TOO MUCH LEADERSHIP, TOO LITTLE MANAGEMENT 

     After his election victory, President Obama was widely hailed as a visionary leader who would deliver meaningful change. Expectations soared as people chanted: “Yes we can!” But what do the first seven months of his presidency tell us about leadership and change? Perhaps we aren’t as gung-ho for change as we once thought. Perhaps the level of risk we are willing to accept to accomplish change has changed. 

    Regardless of the causes of the current economic crisis, watching our homes lose trillions in value and our retirement plans fall to half their value has diminished our appetite for change. Our tolerance for bold innovation evaporated roughly six million lost jobs ago. As citizens, we are changing our behaviors to spend less and save more, and are increasingly worried that the government is spending too much. So worried that we would rather not have another economic stimulus even if it means a slower recovery from the recession. We aren’t so sure about policing the world in far-away places – the Afghanistan war is looking more like the Iraq quagmire every day. We want to improve the health care system, but not if it adds to a trillion dollars to a run-away annual deficit. Reducing global warming also sounds like a good idea, but let’s slow down and get it right the first time. “Yes, we can” was an invigorating chant a year ago, but what if we can’t?  Or worse yet, what if we shouldn’t? 

     President Obama seems to have relinquished management control of health care reform, climate control, and energy policy to Congress. He is more comfortable marketing grand visions than with the messy details of managing change. Managing change is hard – and in government it’s really hard! Even when he issues directives to implement campaign promises (closing the terrorist prison in Guantanamo, for example), nothing happens until someone comes up with an executable plan, negotiates compromise, and pays attention to the details – in short, old-fashioned management execution. Implementation of the “Cash For Clunkers” program is another example of a good idea poorly executed. 

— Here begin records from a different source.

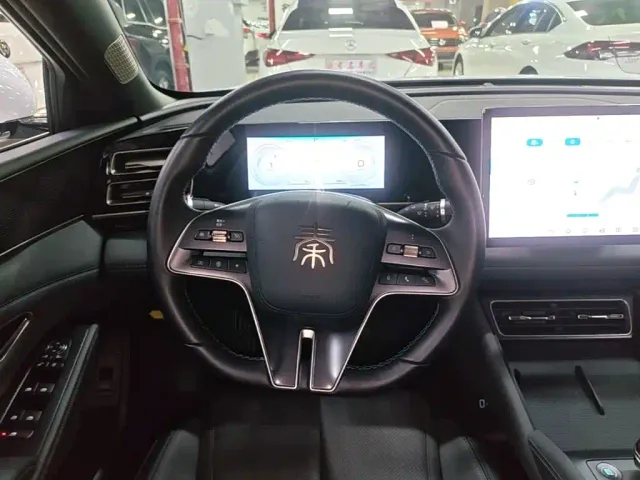 BYD Qin L — Фото автомобиля 10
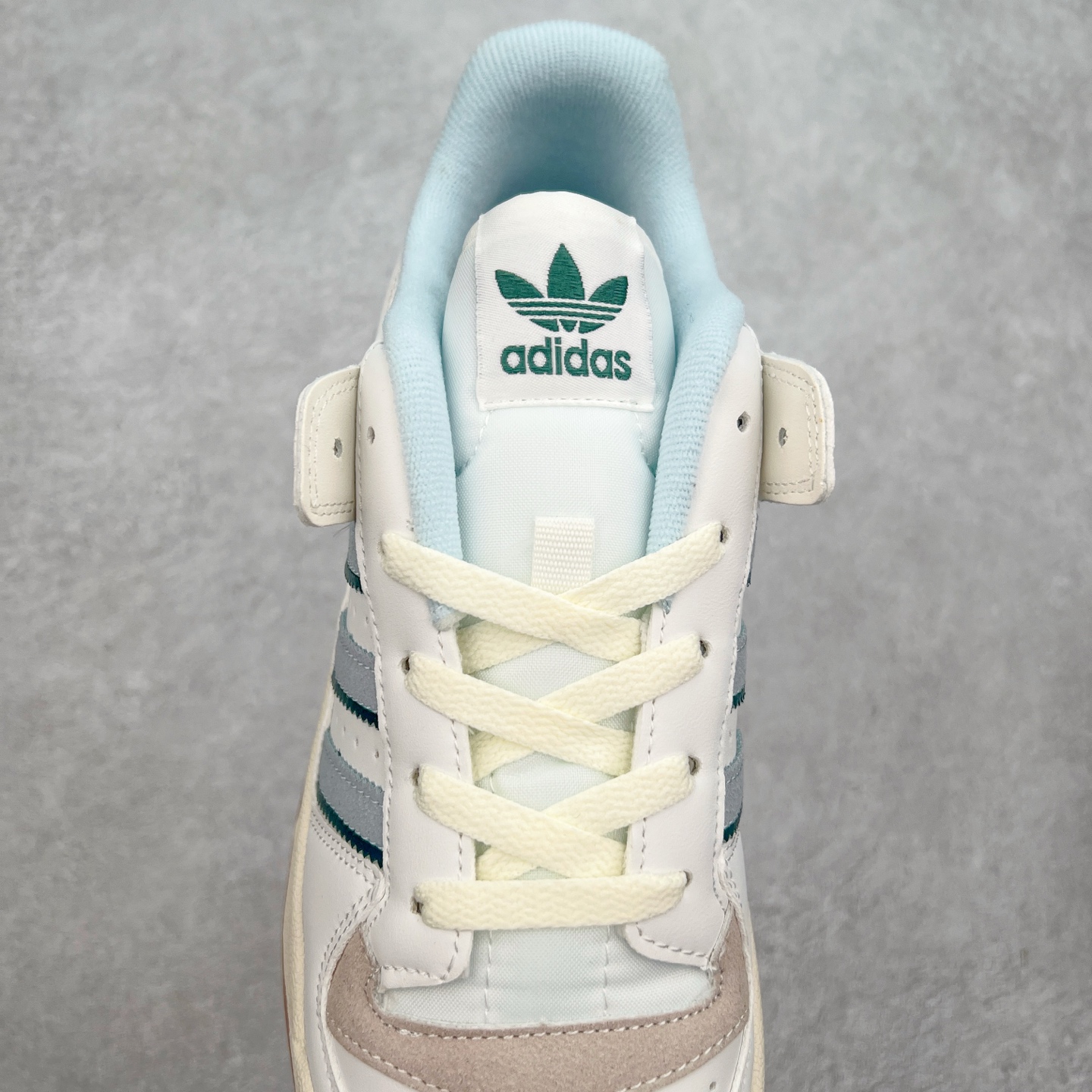 图片[5]-AD Forum 84 Low OG 低帮百搭潮流休闲运动板鞋 以复古篮球鞋的外形为基础 采用皮革拼接 简约百搭 更加贴合舒适 中底内侧网格造型起到点睛之笔 外底橡胶 更显复古 尺码：36 36.5 37.5 38 38.5 39 40 40.5 41 42 42.5 43 44 44.5 45-选品中心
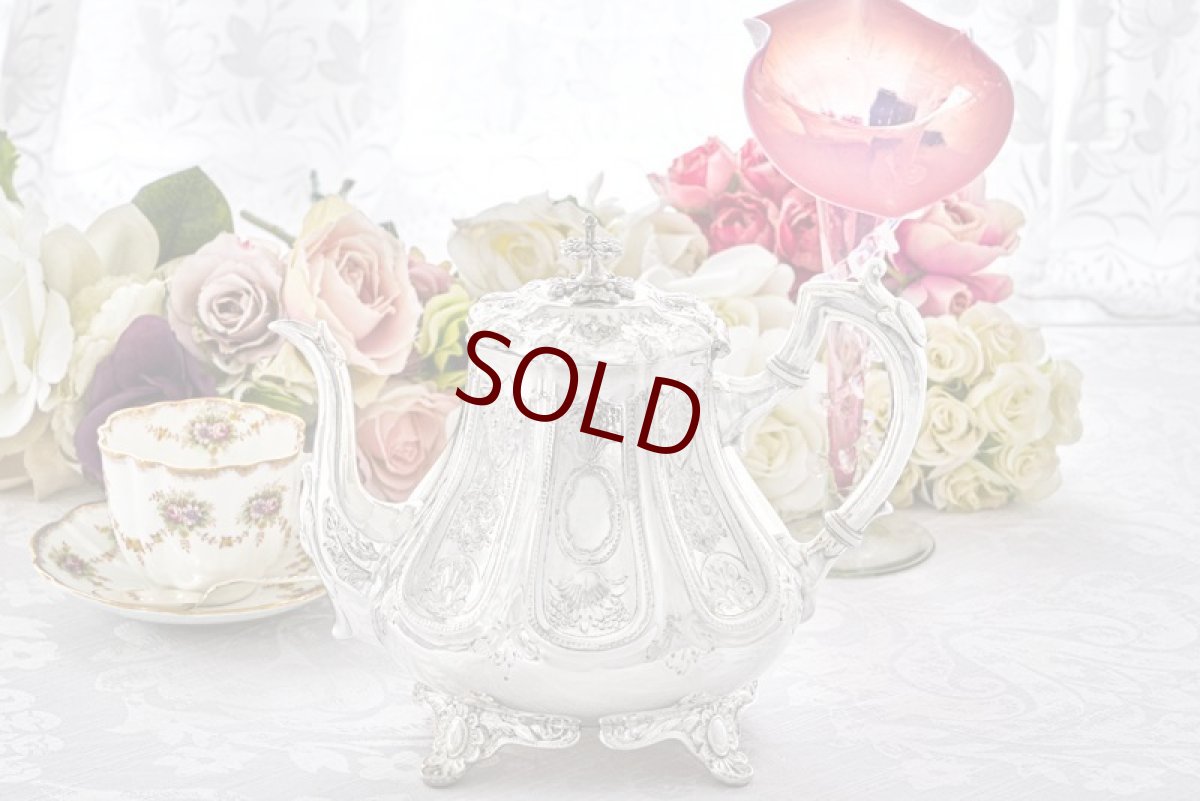 画像7: アンティークシルバー、アンティーク銀器、ヴィクトリア時代後期 スクロールの透かしの摘み お花、葉模様の彫刻 シルバープレート ティーポット (7)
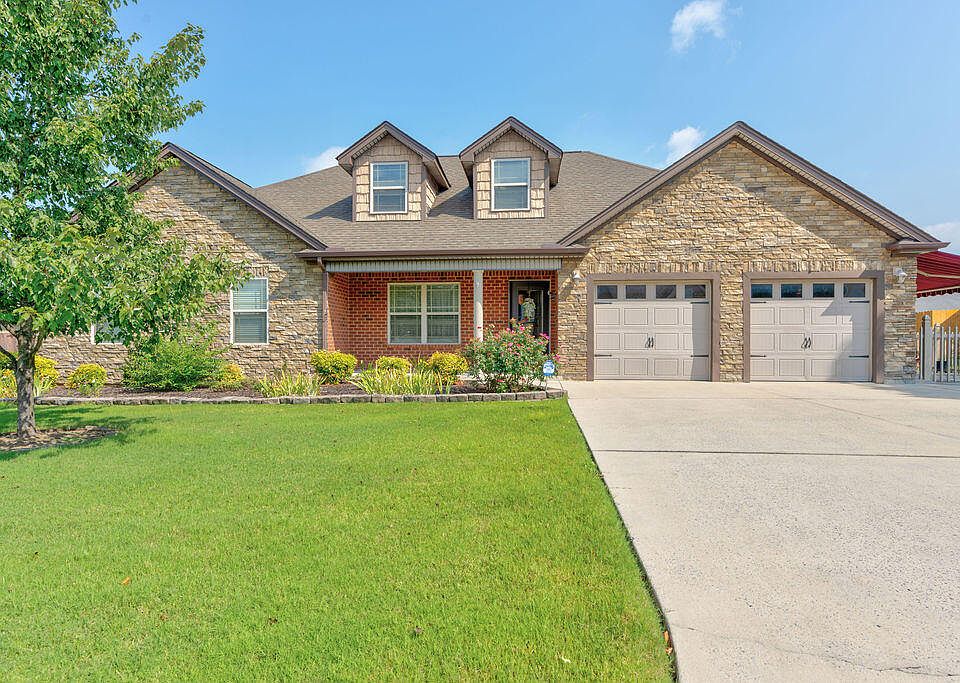 1st image of 174 Honeyberry Ln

     The difference between lofty ideals and effective execution is the difference between Jimmy Carter and Ronald Reagan. Despite a cabinet and White House staff with impressive credentials, President Obama has outsourced management to Congress (less than a paragon of management excellence by anyone’s standards) while he delivers speeches around the country. Allowing Congress to develop a flawed stimulus bill was forgivable – we needed a bill quickly and could fix mistakes later. But that strategy with respect to health care reform has spawned health care bills (as of this writing there are several) that fail to contain, let alone reverse, the rising costs of treatment while adding an expensive mandate that everyone be insured. What can President Obama do? Come down from his cloud and start managing the government as the Chief Executive Officer (CEO) that he is. 

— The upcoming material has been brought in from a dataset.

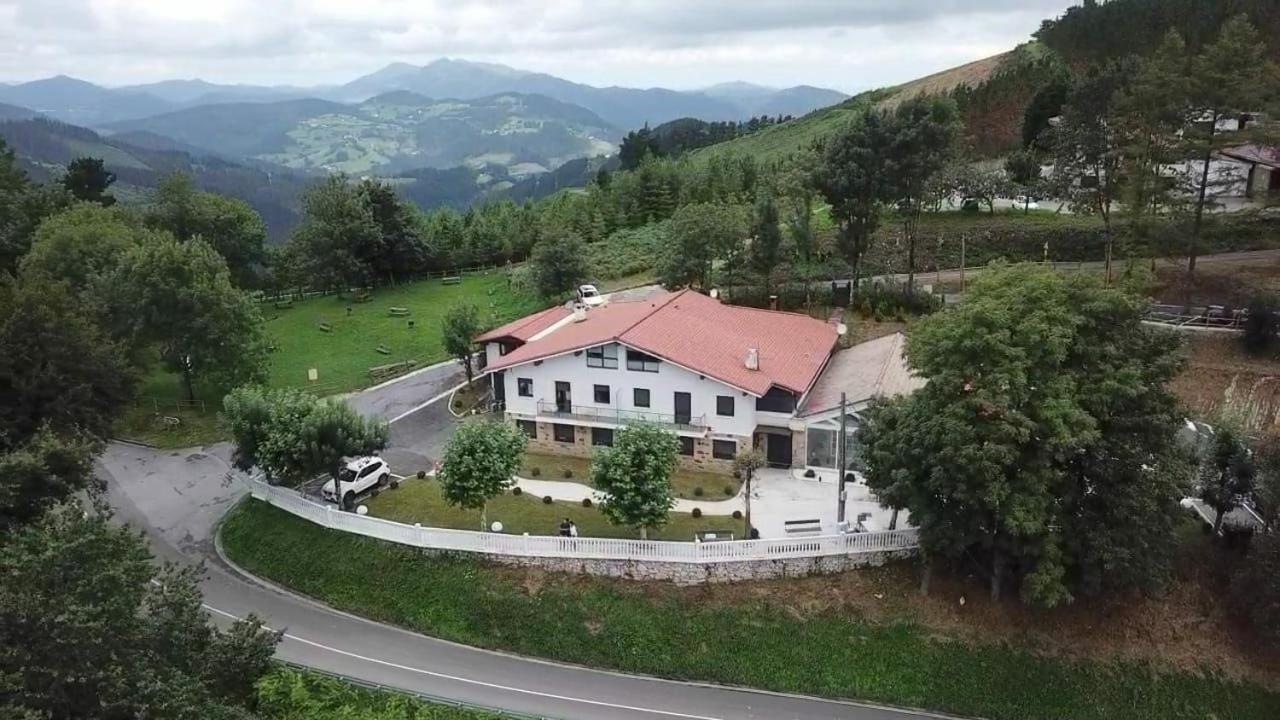 Ixua Hotela Eibar Bagian luar foto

     My point is not to bash a president who is working hard to meet the commitments he made to the American people. When I was CEO of my company, I fell into the same trap – albeit not on an international level. I set lofty goals without an executable plan. I pronounced high performance targets without having the resources to achieve them. I issued directives to my management team without establishing boundaries or measures of success. You may be doing the same things in your organization too. 

    As a management consultant, it’s heresy to say I’m tired of hearing about leadership – where is management? I believe a large part of today’s crisis was caused by inadequate management at the highest levels. Visionary leadership has become disconnected from plain old management execution. We got off-track by believing: “It’s more important to do the right things than to do things right.” The logic of that statement is understandable – but if we don’t do things right, doing the right things still leads to failure. Some executives use that statement to justify detaching themselves from the hard work of day-to-day management. They delegate management to lower levels that too often don’t share the vision, don’t have a plan, and/or don’t have adequate resources to pursue the lofty goals. We have too much leadership and too little management. Instead of separating leadership from management, executives must be both managers and leaders. Used together, leadership and management produce measurable results. One without the other either produces nothing, or produces the wrong things. Are you both leading and managing change in your organization?